Repository files navigation

Agentic Protocols: Production-Inspired Evaluation System

A systems-level evaluation framework for comparing how different agent communication protocols behave under real-world constraints: latency, failures, coordination overhead, and observability.

Goal: Answer the question: When should you use Tool-based agents (MCP) vs. Multi-agent communication (A2A)?


🎯 The Problem

Agent systems are often evaluated on "happy path" scenarios.
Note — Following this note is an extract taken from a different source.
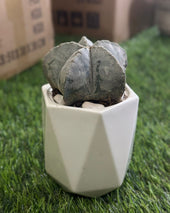 Small Natural Cactus Plant with Porcelain Vase styl2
In production:

  • Tools timeout
  • Agents crash
  • Failures cascade
  • Coordination becomes complex
  • Debugging is hard

This project deliberately injects failures to compare how different protocols handle real-world friction.


🔬 What We're Comparing

Model Context Protocol (MCP) - Tool-Oriented

  • Agent executes structured tool calls
  • Deterministic, schema-validated
  • Strength: Control, predictability
  • Weakness: Limited flexibility

Agent-to-Agent (A2A) - Multi-Agent

  • Agents communicate with each other
  • Task decomposition across multiple agents
  • Strength: Flexibility, scalability
  • Weakness: Coordination complexity, harder to debug

Hybrid

  • Agents use tools + communicate with peers
  • Best of both worlds (or worst?)

📊 Three Test Scenarios

Scenario 1: Tool-Oriented Execution (MCP Strength)

Use Case: User Data Enrichment Pipeline

Agent → Fetch User Data → Call External API → Aggregate Result

Focus: Tool latency, schema validation, retry behavior

Scenario 2: Multi-Agent Collaboration (A2A Strength)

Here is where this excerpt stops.